Thursday, November 10, 2011From an article by Bill Sills on Bloomberg.com:
Fossil-fuel consumers worldwide received about six times more government subsidies than were given to the renewable-energy industry, according to the chief adviser to oil-importing nations.
State spending to cut retail prices of gasoline, coal and natural gas rose 36 percent to $409 billion as global energy costs increased, the Paris-based International Energy Agency said today in its World Energy Outlook. Aid for biofuels, wind power and solar energy, rose 10 percent to $66 billion.

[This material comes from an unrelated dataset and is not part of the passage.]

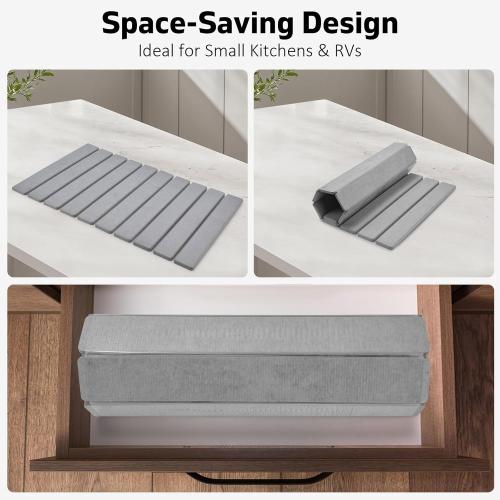 Stone Dish Drying Mat for Kitchen Counter – Collapsible 24(L)×16 (W) Super Absorbent Diatomaceous Earth Dish Drying Mat, Grey Kitchen Counter Mats for Dishes ,Bottles, Cups, Match Any Countertop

While fossil fuels meet about 80 percent of world energy demand, its subsidies are “creating market distortions that encourage wasteful consumption,” the agency said. “The costs of subsidies to fossil fuels generally outweigh the benefits.”
. . . While governments argue that fossil fuel subsidies are designed to help the poorest members of society, they generally fail to meet that goal, the IEA said. Just 8 percent of aid reached the poorest 20 percent of each country’s population last year.
“Fossil-fuel subsidies as presently constituted tend to be regressive, disproportionately benefiting higher income groups that can afford higher levels of fuel consumption,” the report said. “Social welfare programs are a more effective and less distortionary way of helping the poor than energy subsidies.”